Information supplied |
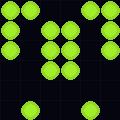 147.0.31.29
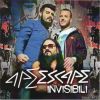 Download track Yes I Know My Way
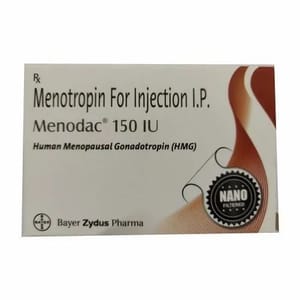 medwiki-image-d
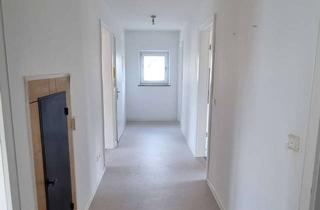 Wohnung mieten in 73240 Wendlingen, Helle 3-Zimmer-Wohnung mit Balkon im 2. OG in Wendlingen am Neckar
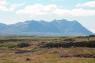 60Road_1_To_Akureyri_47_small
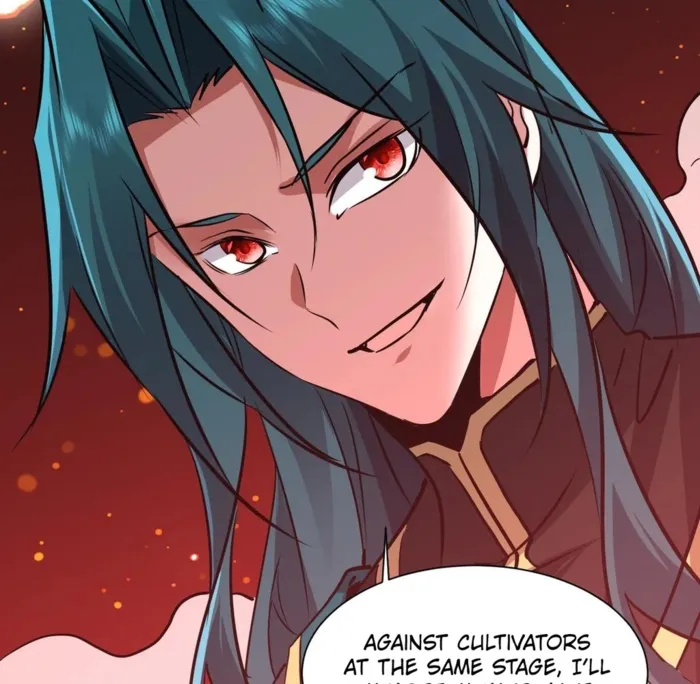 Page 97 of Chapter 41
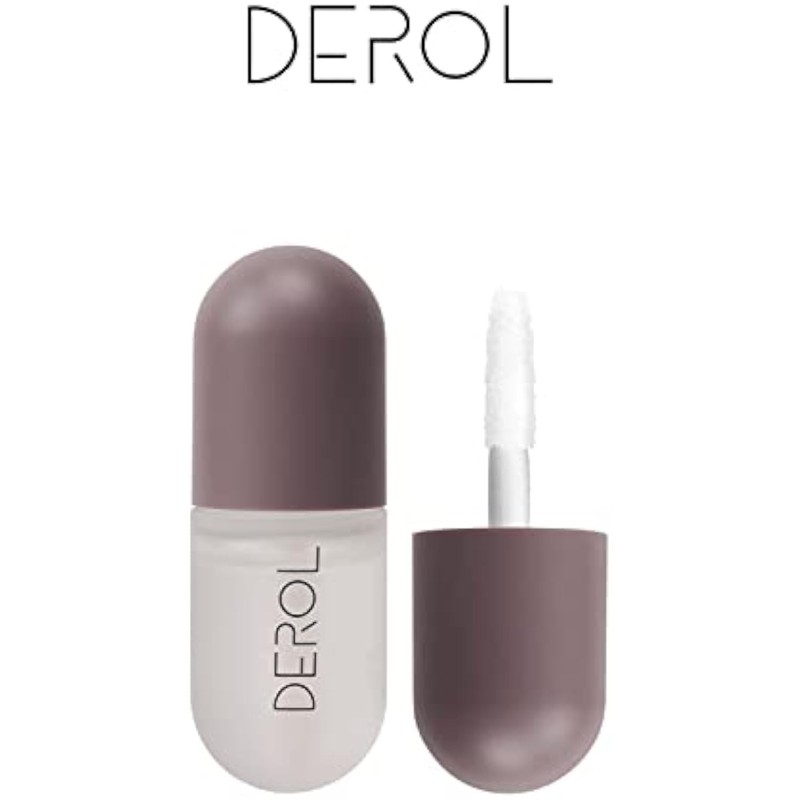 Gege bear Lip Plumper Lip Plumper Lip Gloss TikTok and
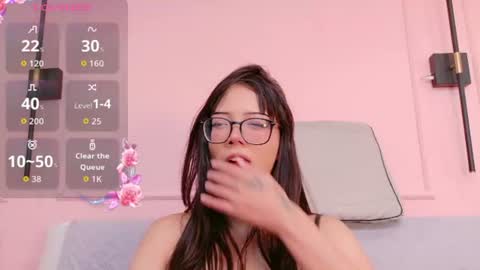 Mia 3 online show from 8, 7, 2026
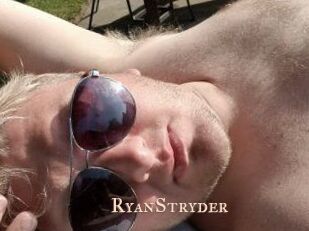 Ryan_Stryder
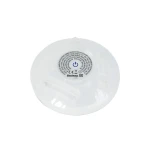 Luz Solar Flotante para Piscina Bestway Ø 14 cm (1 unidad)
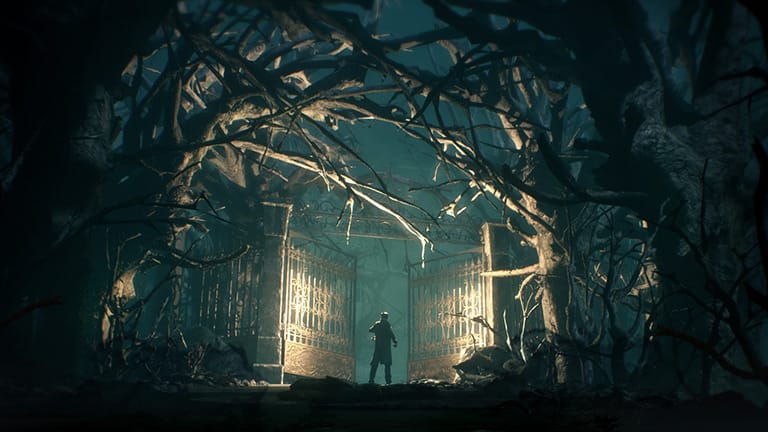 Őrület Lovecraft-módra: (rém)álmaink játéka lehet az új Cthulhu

What this task involves | Please transcribe word for word the lines from the one bearing "Luz Solar Flotante" through the last line of the records above, omitting the pictures.

Finished exercise |
 Luz Solar Flotante para Piscina Bestway Ø 14 cm (1 unidad)
 Őrület Lovecraft-módra: (rém)álmaink játéka lehet az új Cthulhu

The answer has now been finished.